New paper
With all of the intense policy action and rhetoric around upscaling private finance for nature and biodiversity at the moment, we wanted to conduct a reality check and assess all of the nature finance flows for which there was publicly available information in the UK, distinguishing between public, private, and philanthropic flows – both to try to get a balanced picture, and also to assess the quality of public disclosure and transparency. This is super critical because one of the main things that we’re worried about in biodiversity finance academia is the cannibalization of flows, where increases in, for example, private finance, instead of generating new and additional finance, might lead to reductions in public or philanthropic finance instead. If we take, for example, biodiversity credits, lots of the initial buyers of biodiversity credits have been philanthropic organizations who may previously have been donating to conservation, but simply without demanding a credit in return. So we’re pushing to view all nature finance flows in the context of each other, rather than just focusing on one set like private finance.
So we’re very excited to present our new preprint from the The Leverhulme Centre for Nature Recovery and Oxford’s Nature Positive Hub by Dr Alice Stuart and myself, Sophus zu Ermgassen: “Generating a national snapshot of all publicly-reported investments in ecosystem and species conservation across public, private, and philanthropic finance”:
There are some super interesting results in here:
- nature finance in the UK remains absolutely dominated by public finance.
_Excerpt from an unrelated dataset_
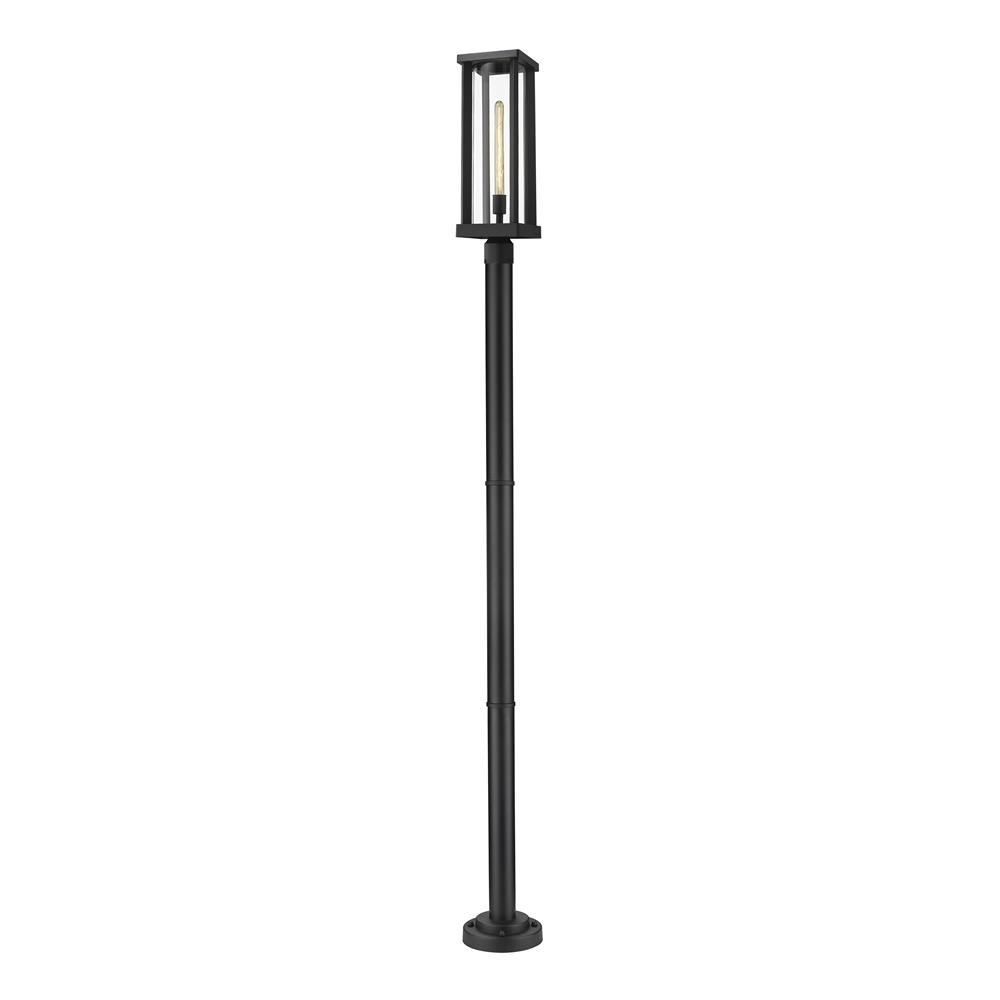 Z-Lite 586PHBR-567P-BK Glenwood 1 Light Outdoor Post Mounted Fixture in Black with Clear Shade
Agro-environment schemes and nature restoration grant programs are the dominant financial flows, and private finance remains marginal (at least the stuff that’s in the public domain)
- there are huge transparency issues around private finance that mean that actually getting ‘the number’ is impossible
- Philanthropy remains an absolutely giant driver of investment in conservation in the UK.
- we found evidence that public spending on nature through agri-environment schemes and grant programs is actually funded year-on-year through sovereign bonds. And this is super interesting because previously people have said that these kinds of spending are just public finance funded by taxpayers. If they’re funded by sovereign bonds instead, then actually these investments in nature *are* generating returns for investors who have bought sovereign bonds – with bondholders paid via taxation.